A budget cut of beef, simple pantry ingredients, a bit of patience and pappardelle pasta. This Slow Cooked Shredded Beef Ragu Sauce with Pappardelle may be the king of all pastas. It is hands down one of my all time favourite pastas ever!

Slow Cooked Shredded Beef Ragu Sauce
There’s this annoying thing that’s been a thorn in my backside all my working life. This thing called pride.
I’m not a professional food photographer, or food stylist, videographer or a chef for that matter. But that doesn’t matter. What does matter is being proud of everything that I have on my website, knowing that even if there are people out there who can take better photos and make better videos, that I’ve done the best I can do and I’m proud of what I’m sharing.
3 years into blogging with over 500 recipes, I still get butterflies when I hit Publish on a new or updated recipe.
And having rewritten, rephotographed and made a video for this Shredded Beef Ragu which I first shared over 2 years ago, yes I’m going to have butterflies when I hit Publish on this (again!) because it’s one of my all time personal favourites. 🙂

I have a weakness for all things slow cooked, but hands down this shredded beef ragu is one of my all time favourites. I’d dare say I love it even more than traditional Ragu Alla Bolognese. It’s the shredded beef that seals the deal for me. The way it soaks up the sauce and clings to the pasta. It’s an absolute ripper!
I’m pretty sure I first learned how to make Slow Cooked Shredded Beef Ragu Sauce with Pappardelle from Lidia Bastianich. Years ago, her show “Lidia’s Italy” was one of the few cooking shows on free-to-air TV and I used to watch them over and over again. Almost everything I know about Italian cooking (including the reason why I was hunting down Kale a decade before it became “cool”) is because of Lidia Bastianich. Old school, real deal Italian. 🙂


Best Pasta to serve with Ragu
The question of what type of pasta to serve with different pasta sauces is a question that I get asked quite regularly. Generally, most pasta sauces will pair perfectly well with most common pasta types, like spaghetti, fettuccine, linguine, penne / ziti, macaroni, shells etc.
And while this Slow Cooked Shredded Beef Ragu Sauce will be great with any type of pasta, the best pasta for a rich sauce like this ragu is pappardelle. This wide, flat pasta is especially great for this recipe because the shredded beef clings to the wide strands.
For pappardelle, I am quite particular about which brand I use because I’ve had problems in the past with uneven cooking. I use San Remo which is a well known trusted brand here in Australia. The pappardelle is bundled into nests so they are fully submerged when dropped into boiling water, and the nests are loose enough so the bubbling water separates the strands and the pappardelle cooks evenly.
You’ll find San Remo pappardelle at all the major supermarkets as well as fresh produce stores and delis. And here’s a photo for size context – giant pasta in my Baby Hands…..
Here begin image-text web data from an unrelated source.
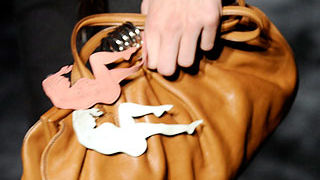 Torbice za proljeće 2010.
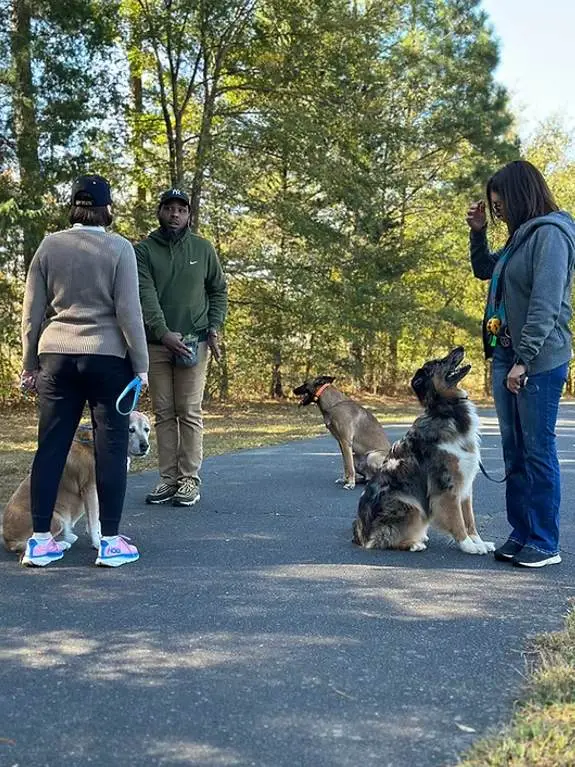 Kenneth Merritt with Merritt Dog Training Teaching dog training to dog owners in Charlotte north Carolina in a dog park.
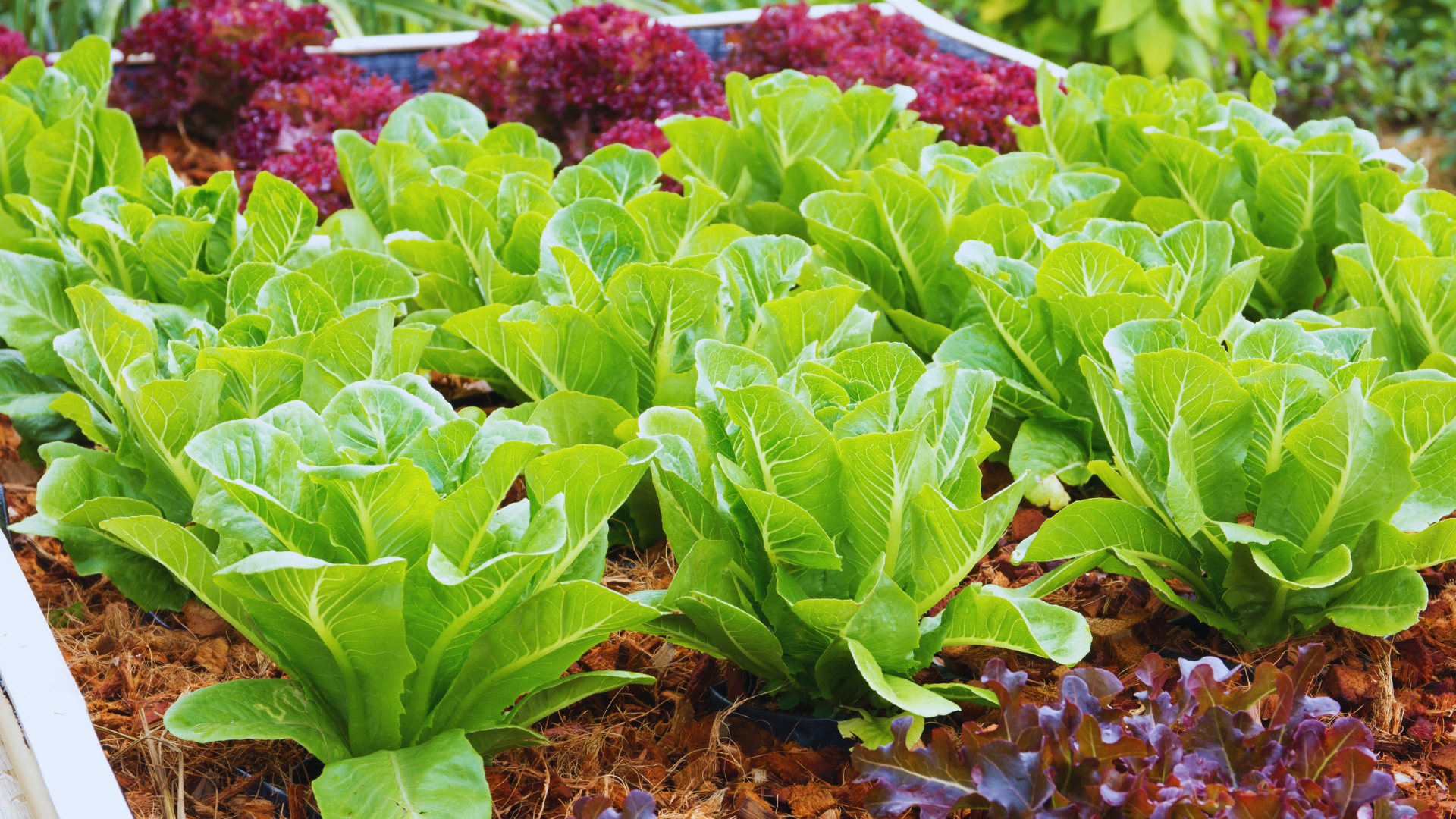 Can You Grow Lettuce In Ericaceous Compost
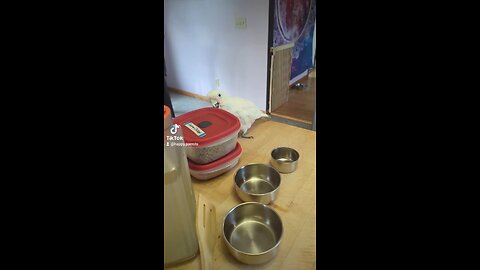 Helping In The Kitchen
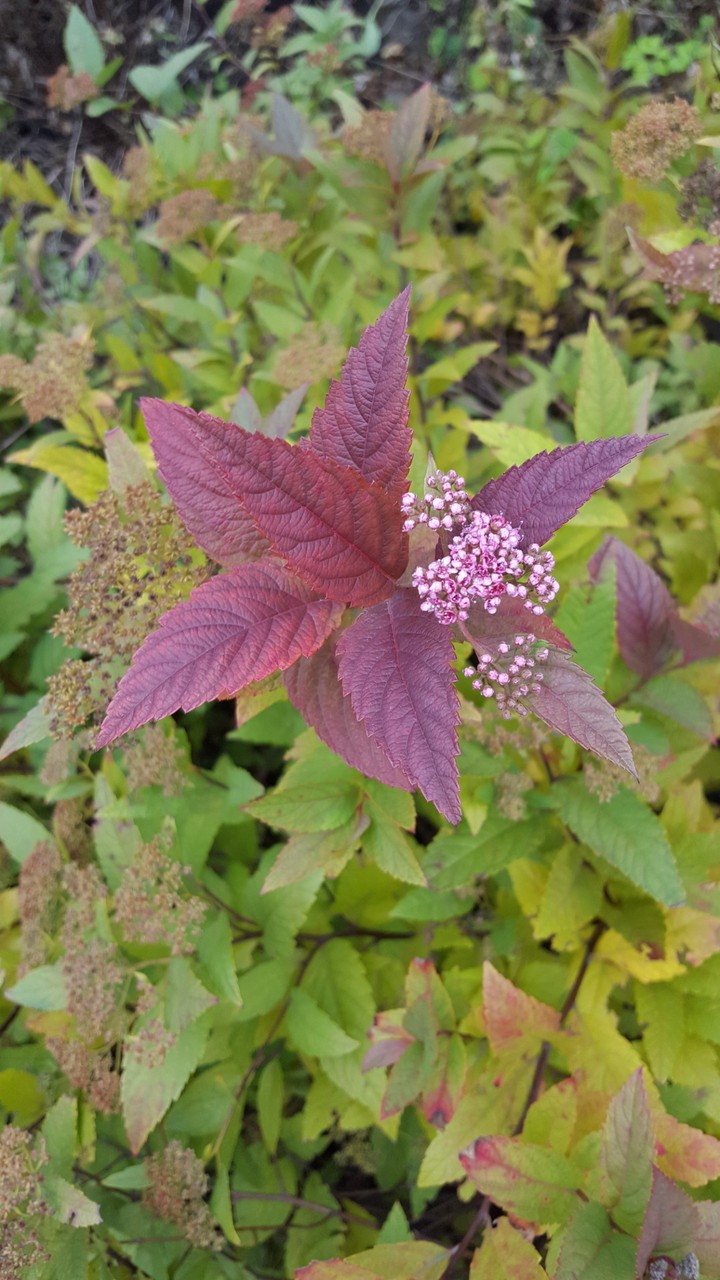 Autumn leafs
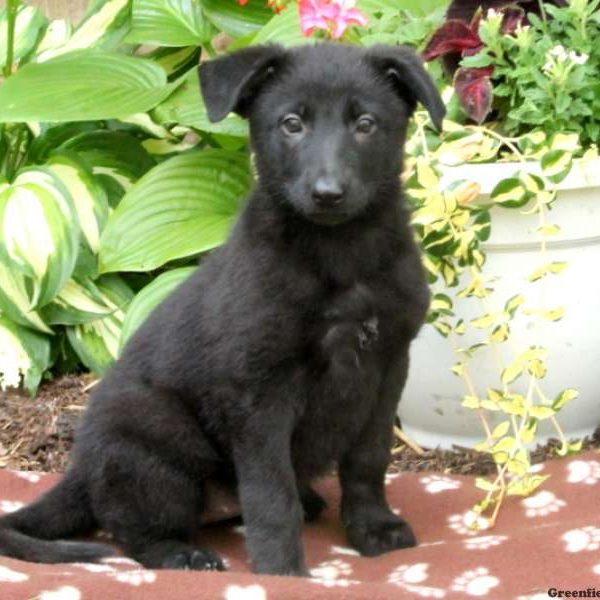 Umbria, German Shepherd Puppy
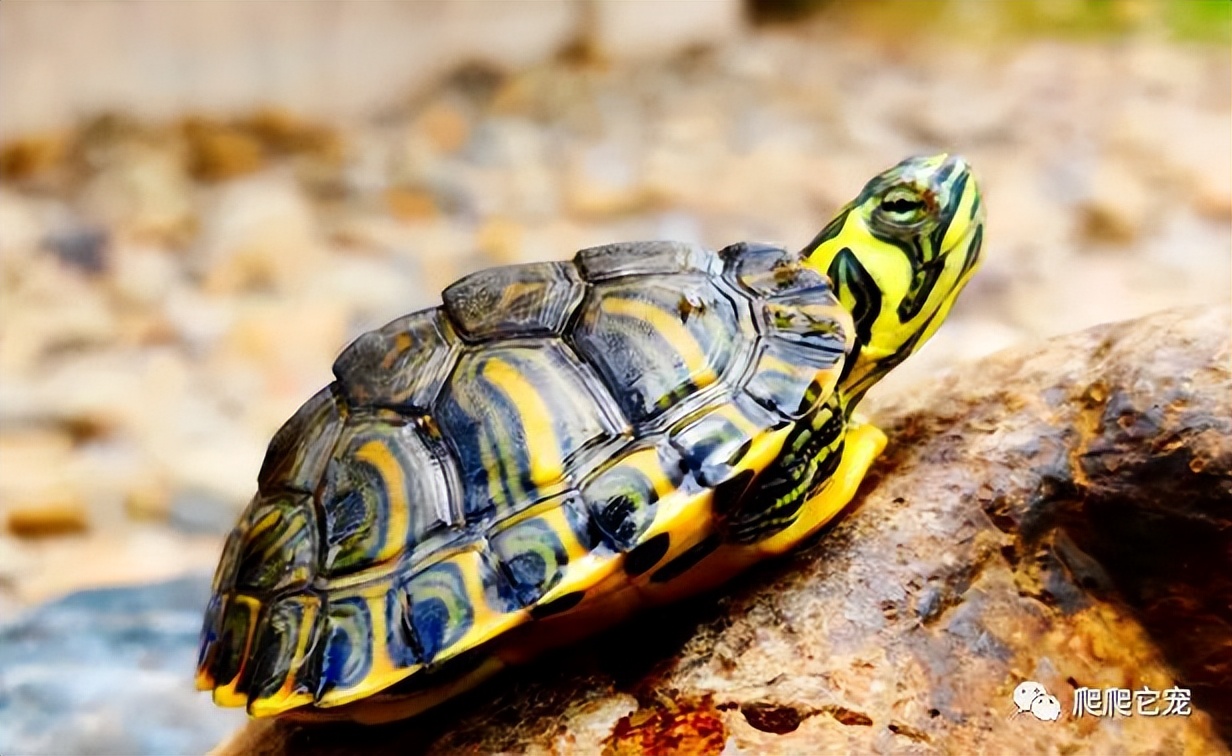 为什么养的龟没有生长纹,为啥养的乌龟会死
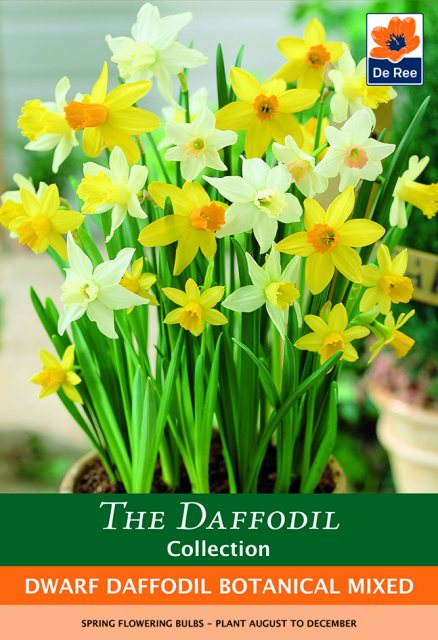 De Ree De Rees Dwarf Daffodil Botanical Bulbs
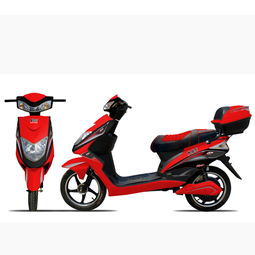 鐵駱駝防盜電動(dòng)車 致富新選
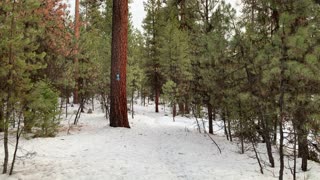 Gorgeous Pines – Ochoco National Forest – Central Oregon – 4K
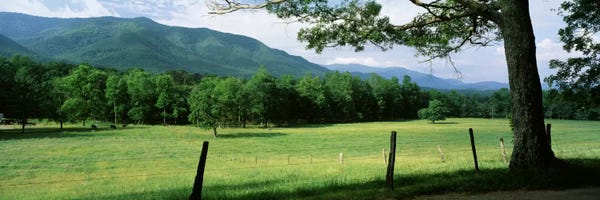 Tennessee: Parceled Meadow, Cades Cove, Great Smoky Mountains National Park, Tennessee, USA by Panoramic Images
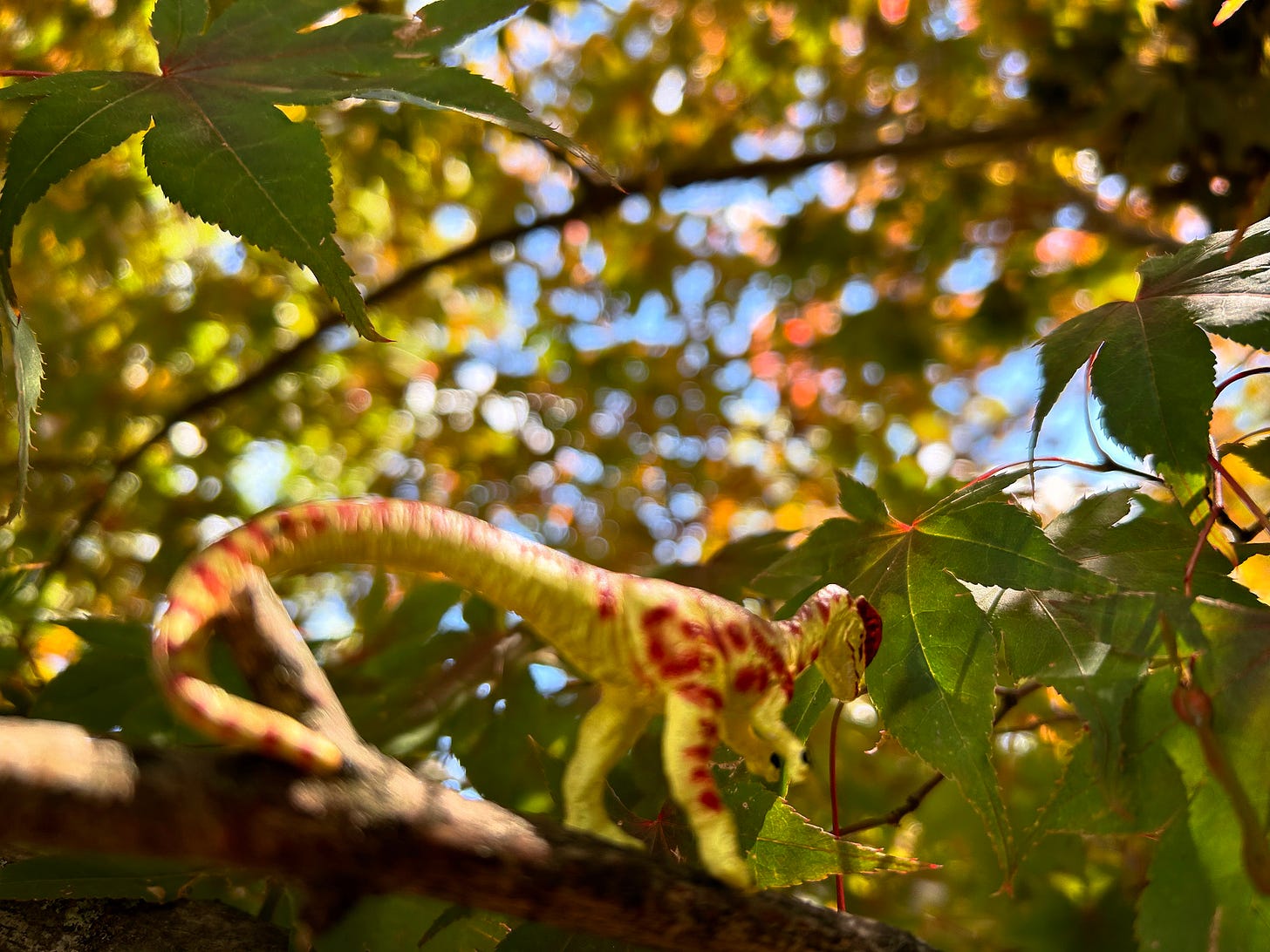 A green Dilophosaurus with brown spots climbing the branch of a Japanese maple tree. Red and greenish leaves surround them. A brilliant blue sky is visible in the background.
Oh – and the other reason San Remo Pappardelle is my pasta of choice for ragu is because it’s an egg pasta. The addition of egg makes the pappardelle stronger so it doesn’t break when tossed in the thick, rich sauce.
If you’ve just invested hours of patience, slow cooking the sauce to tender perfection, you’ll make me cry if you just dump cooked pasta in a bowl and spoon over the sauce. And the entire nation of Italy will cry with me. 😉 Please promise me you will toss the ragu with the pasta before serving! It is worth it, I promise. Look how every strand of the pappardelle is beautifully coated in that luscious ragu!! – Nagi xx

Watch How To Make It
Slow Cooked Shredded Beef Ragu Sauce with Pappardelle recipe video!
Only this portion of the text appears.